In Game 5 Peeters got the call, the Caps dropping a 4-2 decision at Capital Centre.  Head coach Bryan Murray turned to Mason to try and close out the series on Long Island in Game 6, but the Islanders prevailed by a 5-4 score in a game that might have ended worse for the Caps but for Mason stopping all 18 shots he faced in the first period.

That set up the Easter Epic, the longest game in Capitals history to that date.    It was a game full of ups and downs, but in the end it was a heartbreaking night for the Capitals.  It was also the last game Mason would play for the Capitals.  He signed with the Chicago Blackhawks as a free agent the following June.

After a year in Chicago, Mason was traded to the Quebec Nordiques for Mike Eagles (who later would be a Capital).  Another year later, Mason made his way back to Washington for future considerations.  He was one of five goalies the Caps used in the 1989-1990 season, getting 16 appearances with a record of 4-9-1, 3.50, .877.  After losing eight of his last nine decisions, he did not appear in another game after giving up four goals in a 5-3 loss to the New Jersey Devils on February 9th.  It was his last game for the Capitals.
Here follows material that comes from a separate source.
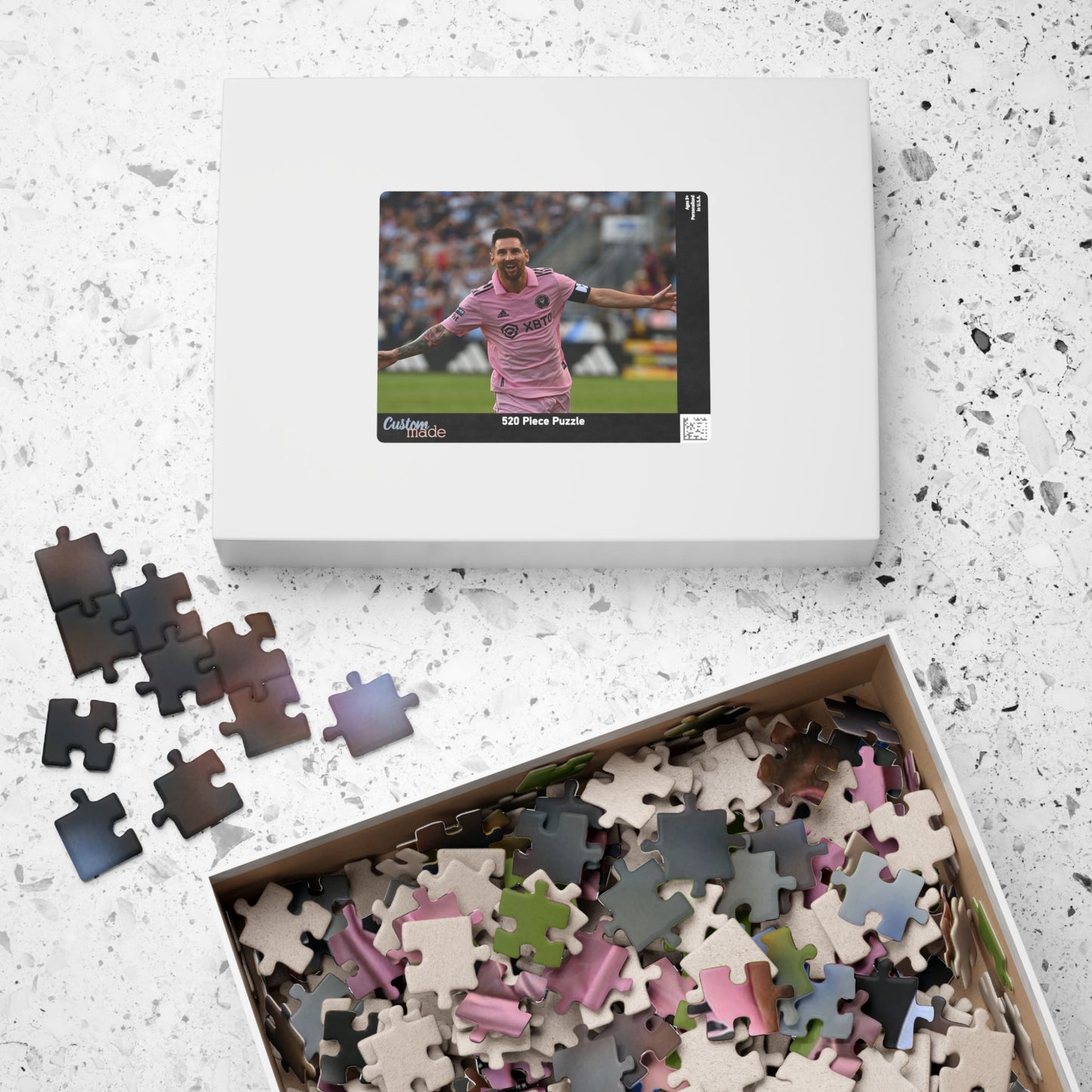Lionel Messi Inter Miami Puzzle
Mason played in one more season, appearing in six games for the Vancouver Canucks in the 1990-1991 season that would be his last in the NHL.  He spent four more years in the minors before his career ended after the 1994-1995 season.

Bob Mason is remembered for one game, one that any Capitals fan from the period remembers vividly to this day.  Lost in the disappointment is the fact that it was and remains one of the great single game performances by a goaltender in Capitals history.  There were other contributions to the club in his brief stay, though, and it makes for Bob Mason starting in goal for Team M.

Team M is a combination of grit and skill, a reflection of its era, with most of the players coming from a time when hockey was more of a rough and tumble sort of game.  They might not win every game, but they would not go down without a fight.